The Sampling Distribution of the Mean is one of the most powerful and elegant concepts in probability theory and statistical inference. It forms the theoretical foundation for understanding how sample statistics behave when drawn repeatedly from a population.

When we draw many random samples from a population, each sample produces its own mean. The distribution of these sample means follows predictable patterns governed by the Central Limit Theorem (CLT)—one of the cornerstones of modern statistics. Remarkably, regardless of the shape of the underlying population distribution, the distribution of sample means approaches a normal distribution as sample size increases.
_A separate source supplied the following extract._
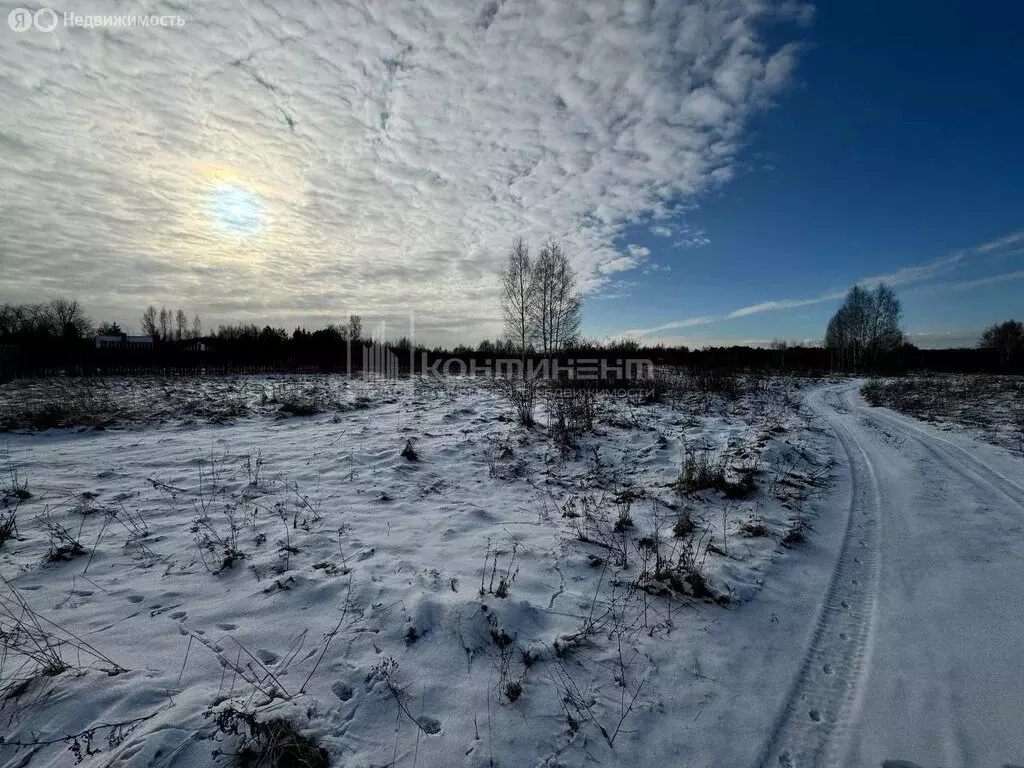 Участок в муниципальное образование Новосельское, село Русино (15 м) - Фото 1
Core Concept: Given a population with mean μ and standard deviation σ, the sampling distribution of the mean has the following properties:

$$\text{Mean of sample means} = \mu$$

$$\text{Standard error} = \frac{\sigma}{\sqrt{n}}$$

where n is the sample size.

Your Task: Implement a function that simulates this fundamental statistical phenomenon. The function should:

1. Generate multiple independent random samples from a specified probability distribution
2. Compute the arithmetic mean of each individual sample
3. Return the grand mean (mean of all sample means)

Supported Distributions:

• Uniform Distribution: Sample from Uniform(0, 1) using np.random.uniform(0, 1, sample_size)
• Exponential Distribution: Sample from Exponential with scale=1 using np.random.exponential(1, sample_size)

The theoretical expectation is that as the number of samples increases, the grand mean should converge toward the true population mean:

• Uniform(0, 1): Expected mean = 0.5
• Exponential(scale=1): Expected mean = 1.0

Round the final result to 4 decimal places.